The meeting is being attended by government officials and specialists from the region. Participants are preparing draft legislation that could be used for uniform policies and regulations aimed at curbing illegal firearms proliferation. 


Nabudere said an estimated 400,000 small arms were in circulation in Uganda, including 150,000 believed to be with the rebel Lord’s Resistance Army (LRA). "In Uganda we have had a bad political history. Governments have been toppled, and when soldiers run away, they carry their guns to unknown destinations," Nabudere said. 


Illegal weapons are neither registered with the police or military, nor licensed to civilians. Surveys done two years ago show more than 40,000 small arms were located in Uganda’s northeastern Karamoja region alone. 


"We carry out surveys and estimations with the help of international partners and the Central Arms Registry by first visiting these areas to know how many people could be armed and then we make our reports," he said, adding that at least 60,000 such arms were destroyed by Ugandan authorities in 2006. "In September at Nsambya we destroyed 57,000 and a month later burnt 3,000 more in Jinja," Nabudere added. 


More than 600,000 illegal weapons are estimated to be in circulation across East Africa and the Horn. Kenyan authorities estimate that 100,000 illegal weapons exist in the country compared with 4,000 that are properly licensed.

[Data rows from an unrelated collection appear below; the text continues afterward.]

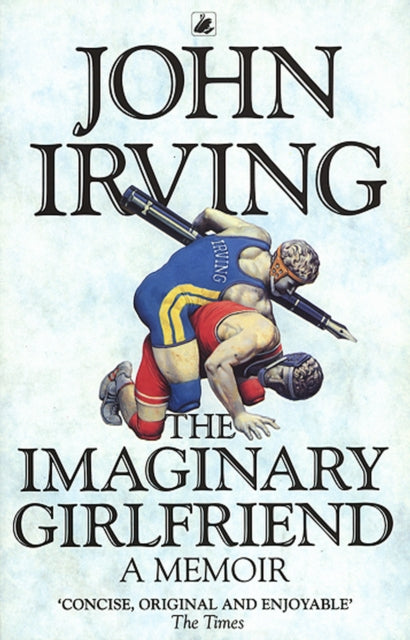 Imaginary Girlfriend A Memoir By Irving, John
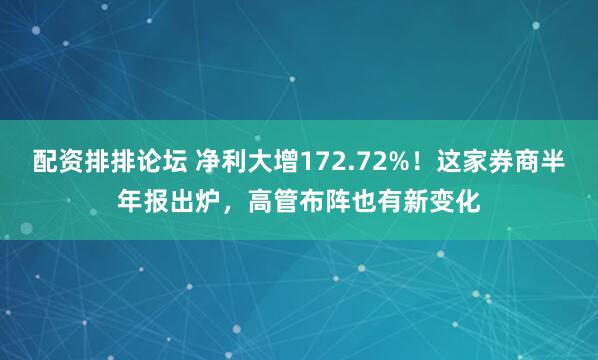 配资排排论坛 净利大增172.72%！这家券商半年报出炉，高管布阵也有新变化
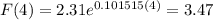 F(4) = 2.31e^{0.101515(4)} = 3.47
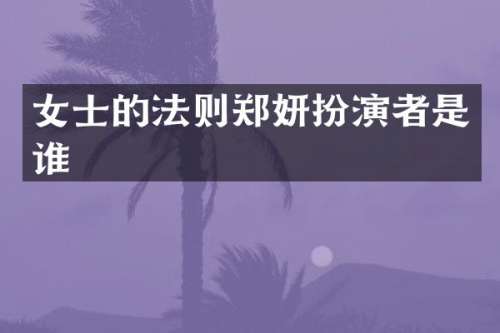 女士的法则郑妍扮演者是谁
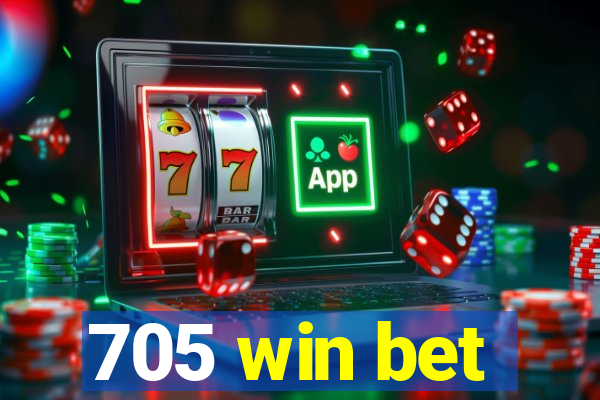 705 win bet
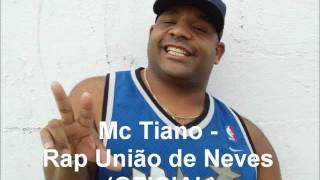 Mc Tiano DA ANTIGA   Rap União de Neves (OFICIAL).wmv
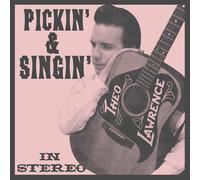 Pickin' & Singin' - Theo Lawrence (Vinile)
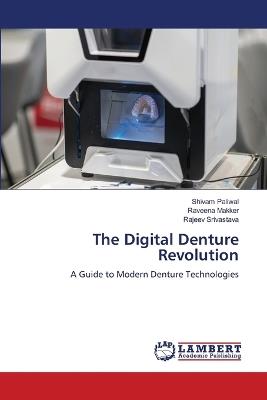 The Digital Denture Revolution - Shivam Paliwal,Raveena Makker,Rajeev Srivastava - cover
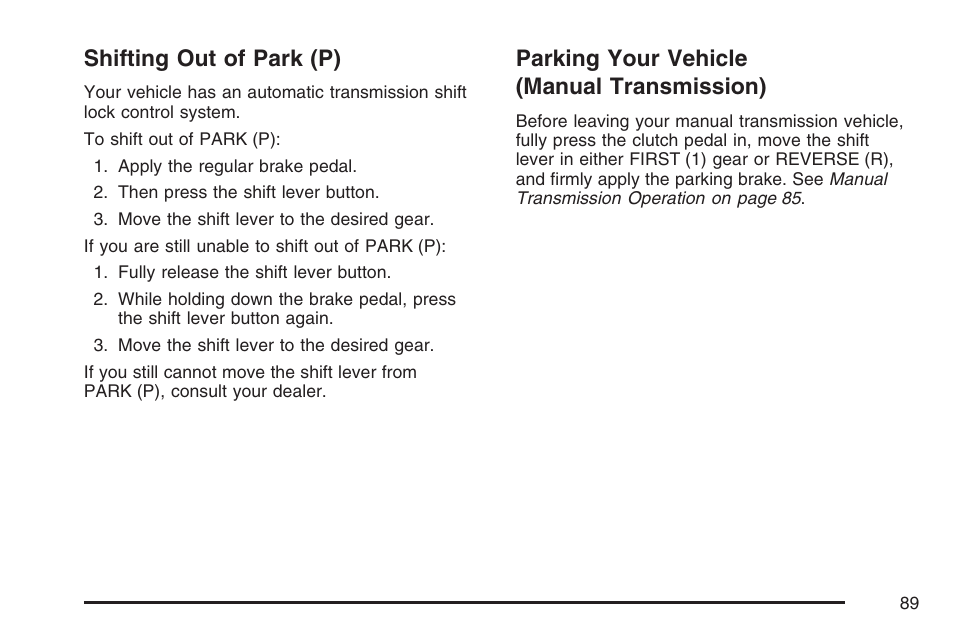 Shifting out of park (p), Parking your vehicle (manual transmission), Transmission) | Pontiac 2007 Solstice User Manual | Page 89 / 396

"There is a need to increase surveillance along our porous borders and also draw up legislation dealing with the problem of small arms proliferation which must be implemented by all governments in the region," he said. "We need to have a law in place which must give the same punishment to all those involved in the illicit trade of arms across the Great Lakes region." 


Coordinators of Focal Point International from 12 countries in the Great Lakes region are expected to launch a ‘Week of Action against Small Arms and Light Weapons’ in Kampala on Friday. Planned activities include visits by participants to patients in hospitals who were shot with illegal weapons. 


According to Nabudere, the presence of illegal arms has been both the result and cause of political instability. In Kenya, the weapons are used by criminals in armed robberies and murder as well as cattle raids. Most come from Somalia, south Sudan and the Democratic Republic of Congo (DRC). 


"We are surrounded by unstable neighbours who are conflict-stricken; wrong characters have used that chance to acquire arms from these countries," Nabudere explained. It was important to invest more in the peaceful resolution of conflicts, improve governance in the region and address economic problems that have encouraged people to resort to the gun to eke out a living, he noted. 


"There is a need for strong states and cooperation between states to fight this crime," he said. 


According to Francis Sang, executive secretary of the Nairobi-based Regional Centre on Small Arms, studies have shown that about three million guns exist in sub-Saharan Africa. The most common weapons are the G-3 and AK47 rifles, as well as pistols like the US Colt, Browning, Beretta and revolvers. 


Other countries in eastern Africa that have recently destroyed illegal guns include Ethiopia (7,000), DRC (4,000), Rwanda (6,000) and Burundi (200).